Can this be parallelized?

dingshuai1985 · October 18, 2007, 8:21pm

I have two arrays and I want to find the same guys in both of it, so can this be parallelized? any idea?

Thanks :)

wildcat4096 · October 19, 2007, 2:32am

What exactly do you want to do? OK, you have two arrays. Do you want to find all the values that are in common between the two? Do you want to only answer the question if there is some value shared? Do you want to know the number of values shared? Do you need to know their locations? Etc. I have little doubt each can be solved in parallel but some will be easier than others.

dingshuai1985 · October 19, 2007, 3:12am

Sorry for that, I want to find the values :)

asadafag · October 19, 2007, 3:17am

You can sort one array, then binary search each element of the other from it. If the range is small enough, you can do histograming instead.
However, the bsearch approach is O((n+m)logn), and it’s relatively easy to do the problem in O(n+m) in serial with radix sort+merge sort. Such a naive parallelization isn’t likely to be efficient.

wildcat4096 · October 19, 2007, 3:20am

How large are the arrays? Will they always be the same size between invocations? Are the two arrays being compared the same size?
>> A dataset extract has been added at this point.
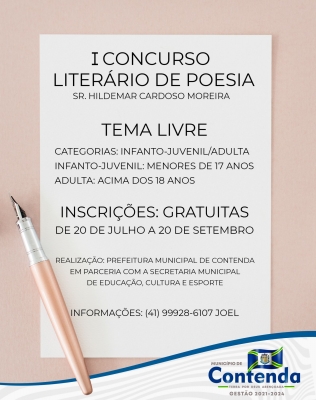 I CONCURSO LITERÁRIO DE POESIA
dingshuai1985 · October 19, 2007, 3:26am

It is already sorted, by the way, different size…
I am wondering if it can be done parallelization…

Also to asadafag:
When I am checking the prefix-scan, it seems that the copy part, say, from global to share and from share to global, takes most time. So can I compress the data and then copy it from global to share? That means you reduce the data you transfer and add the computation workload. Will that be faster?

thanks, guys! :)

asadafag · October 20, 2007, 3:09am

That’s possible if the compression isn’t costly. I’m planning to test a short-to-int scan some time. However, one disadvantage is that in-place scan is infeasible for compressed data, and may consume more memory in total.

dingshuai1985 · October 22, 2007, 2:11am

No one has any idea? I try the binary search and extract the same ones from a 1M array and 2M array, it takes 16ms…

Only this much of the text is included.